If you are looking to raise dairy sheep for milk then you are also probably interested in the topic of sheep milk production. You have to be aware of the fact that different breeds of sheep will produce different quantities of milk but the breed of sheep is not the only factor in the quantity of sheep milk that a ewe will produce.
In order to understand how much milk a sheep produces it is probably a good idea to understand cow milk production and goat milk production as well. A lot more people have raised those animals for milk in the past and so they could be a point of reference when you want to see how much milk you will be obtaining from a sheep.
The average lactation period for a dairy breed of sheep can be up to 240 or around 8 months. Most dairy sheep farmers will milk each ewe for about 6 months which is about 180 days of lactation. A non-dairy ewe can have lactation periods from 90-150 days.
A dairy sheep will produce at most, 1100 lbs of sheep milk during a 180 day lactation. They can produce anywhere from 400 to 1100 pounds during their entire lactation. A ewe producing an average 750lbs of milk during 180 day lactation, will supply a dairy farmer with about a half-gallon of milk per day.
Like goat’s milk, sheep milk is naturally homogenized so cream does not separately as easily as cow milk. The butterfat content and protein content of sheep’s milk is higher than that of cow’s milk.
The high protein content allows one to make more cheese from sheep’s milk than from the equivalent amount of goat’s milk. 2 gallons of milk will be good for your pressed hard and semi-hard cheeses like cheddar, parmesan, pecorino, havarti, etc.
2 gallons worth of milk will give you a small wheel of cheese 4″-6″ in diameter and about 1-2 inches high depending on the type of milk, diameter of the mold and the pressing weight. 1 gallon of cheese will be enough to make 4 quarts of your favorite yogurt, like sheep yogurt. A 1/2 gallon of cheese will be perfect for some soft cheeses like chevre. 1 quart of cream will produce about 1 pound of butter.
Cups and pints of milk are enough milk to make soap or ice cream. Ice cream expands as it is made so you don’t need much milk and for milk soaps, the milk usually only makes up a portion of the recipe. In these recipes, a little goes a long way.
The amazing thing to us is that sheep’s milk is so seldom used in the United States. It’s excellent in quality, mild in flavor (somewhere between cow’s and goat’s milk, with less aroma than the latter) and is produced in generous quantity.
I really can’t tell which breeds of the animal make the best milkers, although around the Mediterranean basin Barbary sheep are held in high esteem. When selecting a type, you probably should consider your location (environment, altitude and latitude), the breed’s sheeping ratio and its mothering qualities.

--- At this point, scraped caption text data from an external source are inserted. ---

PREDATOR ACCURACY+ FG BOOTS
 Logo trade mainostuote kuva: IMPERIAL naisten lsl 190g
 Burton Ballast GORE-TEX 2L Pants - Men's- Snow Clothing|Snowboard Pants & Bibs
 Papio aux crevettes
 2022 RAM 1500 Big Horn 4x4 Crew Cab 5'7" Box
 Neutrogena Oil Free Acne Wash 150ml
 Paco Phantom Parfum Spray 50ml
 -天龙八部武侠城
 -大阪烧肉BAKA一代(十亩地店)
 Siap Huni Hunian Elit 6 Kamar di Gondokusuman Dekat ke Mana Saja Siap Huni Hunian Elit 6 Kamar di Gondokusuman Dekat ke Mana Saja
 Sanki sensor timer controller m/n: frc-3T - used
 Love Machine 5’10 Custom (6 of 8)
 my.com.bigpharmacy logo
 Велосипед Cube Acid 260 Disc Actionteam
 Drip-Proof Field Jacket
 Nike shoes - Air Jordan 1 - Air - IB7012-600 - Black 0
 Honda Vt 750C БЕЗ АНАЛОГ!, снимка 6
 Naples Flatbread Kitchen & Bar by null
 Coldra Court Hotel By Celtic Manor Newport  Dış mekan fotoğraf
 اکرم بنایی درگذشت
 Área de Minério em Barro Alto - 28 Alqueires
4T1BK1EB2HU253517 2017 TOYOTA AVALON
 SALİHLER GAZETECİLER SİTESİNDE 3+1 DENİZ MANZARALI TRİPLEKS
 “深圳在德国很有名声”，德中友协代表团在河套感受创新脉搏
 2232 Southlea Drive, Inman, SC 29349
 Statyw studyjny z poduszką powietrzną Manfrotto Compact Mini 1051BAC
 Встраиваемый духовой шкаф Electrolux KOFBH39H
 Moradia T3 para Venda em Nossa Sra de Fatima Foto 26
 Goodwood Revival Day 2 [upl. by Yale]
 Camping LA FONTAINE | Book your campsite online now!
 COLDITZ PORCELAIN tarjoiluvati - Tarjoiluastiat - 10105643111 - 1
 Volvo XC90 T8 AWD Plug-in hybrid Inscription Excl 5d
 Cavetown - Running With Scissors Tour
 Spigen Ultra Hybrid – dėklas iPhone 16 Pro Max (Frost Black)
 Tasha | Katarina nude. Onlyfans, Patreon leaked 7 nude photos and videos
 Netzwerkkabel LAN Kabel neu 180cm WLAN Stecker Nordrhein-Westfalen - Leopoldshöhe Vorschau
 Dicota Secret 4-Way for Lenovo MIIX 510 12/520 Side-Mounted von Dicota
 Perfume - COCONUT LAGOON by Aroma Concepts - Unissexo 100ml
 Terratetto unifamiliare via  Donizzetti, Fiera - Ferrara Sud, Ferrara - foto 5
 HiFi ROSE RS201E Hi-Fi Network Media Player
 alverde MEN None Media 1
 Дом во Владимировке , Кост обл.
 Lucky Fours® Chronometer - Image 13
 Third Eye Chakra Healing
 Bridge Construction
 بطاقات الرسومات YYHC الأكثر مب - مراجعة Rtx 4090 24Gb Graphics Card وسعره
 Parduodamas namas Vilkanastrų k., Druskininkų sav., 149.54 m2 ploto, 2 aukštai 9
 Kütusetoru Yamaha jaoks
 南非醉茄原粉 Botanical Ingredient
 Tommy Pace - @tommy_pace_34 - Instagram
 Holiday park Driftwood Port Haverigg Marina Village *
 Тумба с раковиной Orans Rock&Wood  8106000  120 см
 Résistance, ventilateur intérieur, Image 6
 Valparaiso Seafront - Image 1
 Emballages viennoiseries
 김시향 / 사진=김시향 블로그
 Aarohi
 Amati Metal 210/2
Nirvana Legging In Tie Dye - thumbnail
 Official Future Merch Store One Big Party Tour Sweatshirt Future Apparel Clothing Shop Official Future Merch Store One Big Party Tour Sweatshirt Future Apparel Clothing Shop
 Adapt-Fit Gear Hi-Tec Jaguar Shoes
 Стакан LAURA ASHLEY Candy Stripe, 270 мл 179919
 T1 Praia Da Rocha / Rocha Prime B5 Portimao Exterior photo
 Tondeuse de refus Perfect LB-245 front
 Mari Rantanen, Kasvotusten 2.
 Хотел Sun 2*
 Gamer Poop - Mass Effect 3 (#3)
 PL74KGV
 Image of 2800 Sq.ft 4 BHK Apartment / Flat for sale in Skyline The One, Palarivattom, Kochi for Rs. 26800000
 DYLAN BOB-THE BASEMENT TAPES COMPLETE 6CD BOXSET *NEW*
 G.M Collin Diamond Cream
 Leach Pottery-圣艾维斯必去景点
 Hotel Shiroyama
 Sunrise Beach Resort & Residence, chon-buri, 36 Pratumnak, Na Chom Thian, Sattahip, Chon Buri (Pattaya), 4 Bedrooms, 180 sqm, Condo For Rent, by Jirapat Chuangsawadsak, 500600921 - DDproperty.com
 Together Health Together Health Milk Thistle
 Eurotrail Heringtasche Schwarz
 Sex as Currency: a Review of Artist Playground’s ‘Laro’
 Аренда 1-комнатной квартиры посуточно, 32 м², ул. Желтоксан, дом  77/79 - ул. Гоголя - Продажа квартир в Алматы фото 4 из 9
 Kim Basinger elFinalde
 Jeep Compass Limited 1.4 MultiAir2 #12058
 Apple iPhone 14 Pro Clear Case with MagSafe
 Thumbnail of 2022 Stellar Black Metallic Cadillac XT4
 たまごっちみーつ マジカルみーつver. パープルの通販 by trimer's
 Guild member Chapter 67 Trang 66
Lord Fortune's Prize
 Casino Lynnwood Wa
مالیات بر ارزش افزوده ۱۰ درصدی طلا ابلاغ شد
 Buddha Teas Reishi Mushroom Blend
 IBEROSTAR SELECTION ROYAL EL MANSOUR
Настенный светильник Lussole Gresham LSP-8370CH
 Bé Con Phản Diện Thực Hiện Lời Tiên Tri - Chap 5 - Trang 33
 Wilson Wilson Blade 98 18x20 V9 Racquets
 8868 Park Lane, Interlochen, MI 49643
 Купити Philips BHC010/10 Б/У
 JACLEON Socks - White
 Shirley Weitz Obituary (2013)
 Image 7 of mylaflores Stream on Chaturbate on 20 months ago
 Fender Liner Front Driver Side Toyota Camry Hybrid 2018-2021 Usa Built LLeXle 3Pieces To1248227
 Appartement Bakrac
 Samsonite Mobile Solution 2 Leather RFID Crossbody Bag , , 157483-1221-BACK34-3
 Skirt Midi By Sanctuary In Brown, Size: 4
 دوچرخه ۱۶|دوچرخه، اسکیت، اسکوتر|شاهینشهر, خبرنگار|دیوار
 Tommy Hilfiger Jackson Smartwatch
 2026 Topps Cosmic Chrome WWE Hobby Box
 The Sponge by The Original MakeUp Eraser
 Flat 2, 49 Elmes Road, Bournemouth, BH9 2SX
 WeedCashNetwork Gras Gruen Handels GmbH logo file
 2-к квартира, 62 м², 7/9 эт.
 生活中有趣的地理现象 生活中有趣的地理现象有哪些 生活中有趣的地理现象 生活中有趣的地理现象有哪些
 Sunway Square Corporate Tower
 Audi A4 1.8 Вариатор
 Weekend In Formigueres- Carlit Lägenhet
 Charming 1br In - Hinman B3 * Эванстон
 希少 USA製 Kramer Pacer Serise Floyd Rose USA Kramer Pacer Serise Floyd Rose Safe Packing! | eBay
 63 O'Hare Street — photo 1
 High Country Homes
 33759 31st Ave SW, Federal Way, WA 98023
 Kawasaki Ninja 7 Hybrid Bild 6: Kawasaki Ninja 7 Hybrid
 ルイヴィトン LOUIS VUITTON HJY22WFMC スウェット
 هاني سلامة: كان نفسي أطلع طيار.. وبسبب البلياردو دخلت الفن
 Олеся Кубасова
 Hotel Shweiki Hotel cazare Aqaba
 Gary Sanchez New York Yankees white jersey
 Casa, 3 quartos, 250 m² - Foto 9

It stands to reason that sheep with a proven tendency to raise their lambs should be given the edge in the selection process, Also some Livestock books can tell you which domesticated breeds in this country make the best mothers.
Any sheep can be a milk sheep provided that it’s female, has recently had a baby and has been trained to supply milk at the convenience of a human rather than at the demand of the yeanling. As with other mammals, a great deal depends on getting the ewe to “let down” her milk, She may be a good producer, but the skill of her owner is what relaxes her and gets the white nectar into the pail. This requires both authoritative handling and a stanchion at which the sheep learns to feed while being milked.
Sheep are sometimes temperamental, you should therefore train your ewes to feed at the stanchion even before they lamb in order to enable them get used to the device.
Remember that the critters always seek out the highest ground for rest and sleep so if you place the milking parlor on a rise then your sheep will trot right home to it at the end of the day and also never use the milking stanchion to immobilize the ewes when you shear them or pear their hoofs such carelessness can make your sheep associate the stand with unpleasantness and they will refuse to let down their milk when they near it.